* Work to complete *
Only the opening lines of the listing, through the one with "AYRELY Sveglia analogica", are to be retyped, each exactly as it stands.

* Records to process *
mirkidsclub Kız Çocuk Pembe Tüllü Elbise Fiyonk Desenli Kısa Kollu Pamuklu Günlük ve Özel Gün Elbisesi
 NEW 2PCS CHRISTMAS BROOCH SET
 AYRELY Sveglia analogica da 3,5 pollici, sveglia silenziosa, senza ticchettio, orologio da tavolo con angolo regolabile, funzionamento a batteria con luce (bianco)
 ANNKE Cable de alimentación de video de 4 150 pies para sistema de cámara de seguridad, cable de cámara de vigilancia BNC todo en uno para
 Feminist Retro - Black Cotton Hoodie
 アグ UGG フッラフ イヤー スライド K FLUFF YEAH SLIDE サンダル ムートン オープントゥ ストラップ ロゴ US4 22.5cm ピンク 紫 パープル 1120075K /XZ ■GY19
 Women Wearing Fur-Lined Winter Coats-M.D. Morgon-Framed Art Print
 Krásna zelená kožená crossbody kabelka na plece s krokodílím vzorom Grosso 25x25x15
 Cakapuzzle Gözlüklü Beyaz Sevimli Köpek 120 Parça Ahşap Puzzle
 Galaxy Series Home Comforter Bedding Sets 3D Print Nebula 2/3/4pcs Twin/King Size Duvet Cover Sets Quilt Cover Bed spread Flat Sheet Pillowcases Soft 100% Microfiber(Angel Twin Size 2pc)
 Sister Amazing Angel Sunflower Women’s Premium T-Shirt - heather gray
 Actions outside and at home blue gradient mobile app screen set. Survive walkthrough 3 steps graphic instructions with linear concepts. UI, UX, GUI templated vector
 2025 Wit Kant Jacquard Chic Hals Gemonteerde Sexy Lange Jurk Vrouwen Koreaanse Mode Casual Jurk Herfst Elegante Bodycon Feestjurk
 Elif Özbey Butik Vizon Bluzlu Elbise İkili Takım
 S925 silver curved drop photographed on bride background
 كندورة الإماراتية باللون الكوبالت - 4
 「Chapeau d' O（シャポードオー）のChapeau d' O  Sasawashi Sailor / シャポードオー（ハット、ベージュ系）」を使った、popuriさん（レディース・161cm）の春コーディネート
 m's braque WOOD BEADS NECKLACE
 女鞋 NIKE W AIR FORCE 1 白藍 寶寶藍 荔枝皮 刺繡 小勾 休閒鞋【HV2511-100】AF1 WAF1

* Output for this task *
mirkidsclub Kız Çocuk Pembe Tüllü Elbise Fiyonk Desenli Kısa Kollu Pamuklu Günlük ve Özel Gün Elbisesi
 NEW 2PCS CHRISTMAS BROOCH SET
 AYRELY Sveglia analogica da 3,5 pollici, sveglia silenziosa, senza ticchettio, orologio da tavolo con angolo regolabile, funzionamento a batteria con luce (bianco)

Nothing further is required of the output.